What the exercise asks: Show every line from the data below that includes "quartos".

Input data:
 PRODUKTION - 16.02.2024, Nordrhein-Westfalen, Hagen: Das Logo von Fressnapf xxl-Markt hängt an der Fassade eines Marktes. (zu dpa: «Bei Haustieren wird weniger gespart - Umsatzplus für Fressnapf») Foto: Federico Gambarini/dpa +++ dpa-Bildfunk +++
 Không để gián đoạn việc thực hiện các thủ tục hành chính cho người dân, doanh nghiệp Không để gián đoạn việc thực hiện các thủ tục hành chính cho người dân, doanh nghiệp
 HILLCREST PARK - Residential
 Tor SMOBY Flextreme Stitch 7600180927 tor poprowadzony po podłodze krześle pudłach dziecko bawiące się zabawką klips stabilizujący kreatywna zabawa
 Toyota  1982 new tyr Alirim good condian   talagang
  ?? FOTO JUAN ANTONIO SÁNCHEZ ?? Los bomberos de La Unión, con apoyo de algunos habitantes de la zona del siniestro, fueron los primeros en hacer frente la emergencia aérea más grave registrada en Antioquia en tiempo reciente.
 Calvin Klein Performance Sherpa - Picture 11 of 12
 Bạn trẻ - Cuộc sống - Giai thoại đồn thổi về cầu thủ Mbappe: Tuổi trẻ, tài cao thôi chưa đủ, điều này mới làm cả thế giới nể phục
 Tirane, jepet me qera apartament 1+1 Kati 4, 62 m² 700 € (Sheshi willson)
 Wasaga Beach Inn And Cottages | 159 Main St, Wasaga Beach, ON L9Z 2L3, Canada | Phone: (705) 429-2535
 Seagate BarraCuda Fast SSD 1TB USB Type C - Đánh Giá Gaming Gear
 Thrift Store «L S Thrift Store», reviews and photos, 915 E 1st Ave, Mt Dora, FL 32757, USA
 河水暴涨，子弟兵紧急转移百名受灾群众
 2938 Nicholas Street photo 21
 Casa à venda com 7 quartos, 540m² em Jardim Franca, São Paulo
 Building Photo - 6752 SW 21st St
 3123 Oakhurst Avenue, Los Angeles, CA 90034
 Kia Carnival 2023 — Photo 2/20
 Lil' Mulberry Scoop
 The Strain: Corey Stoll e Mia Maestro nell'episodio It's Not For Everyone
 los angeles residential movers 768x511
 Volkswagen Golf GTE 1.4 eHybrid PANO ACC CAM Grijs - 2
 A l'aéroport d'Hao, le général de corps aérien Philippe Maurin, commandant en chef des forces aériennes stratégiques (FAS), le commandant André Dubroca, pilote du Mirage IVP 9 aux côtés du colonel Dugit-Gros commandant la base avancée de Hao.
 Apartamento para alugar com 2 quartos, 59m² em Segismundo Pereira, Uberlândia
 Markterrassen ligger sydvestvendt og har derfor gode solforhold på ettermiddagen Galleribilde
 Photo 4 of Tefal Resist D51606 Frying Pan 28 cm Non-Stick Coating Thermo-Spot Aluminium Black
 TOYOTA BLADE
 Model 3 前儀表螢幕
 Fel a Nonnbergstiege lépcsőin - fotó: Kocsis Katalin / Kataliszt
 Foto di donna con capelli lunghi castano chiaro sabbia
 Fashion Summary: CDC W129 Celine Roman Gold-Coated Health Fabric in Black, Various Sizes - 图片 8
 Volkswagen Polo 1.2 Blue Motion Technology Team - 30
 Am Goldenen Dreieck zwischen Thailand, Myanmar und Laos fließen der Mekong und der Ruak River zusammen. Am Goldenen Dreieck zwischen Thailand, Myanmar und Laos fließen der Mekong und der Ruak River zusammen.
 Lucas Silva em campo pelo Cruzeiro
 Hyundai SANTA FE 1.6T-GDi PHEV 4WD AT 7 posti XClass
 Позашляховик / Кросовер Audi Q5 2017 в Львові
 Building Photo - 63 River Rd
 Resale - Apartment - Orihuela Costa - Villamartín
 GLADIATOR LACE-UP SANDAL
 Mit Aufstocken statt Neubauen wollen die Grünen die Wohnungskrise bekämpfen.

Result of the task:
 Casa à venda com 7 quartos, 540m² em Jardim Franca, São Paulo
 Apartamento para alugar com 2 quartos, 59m² em Segismundo Pereira, Uberlândia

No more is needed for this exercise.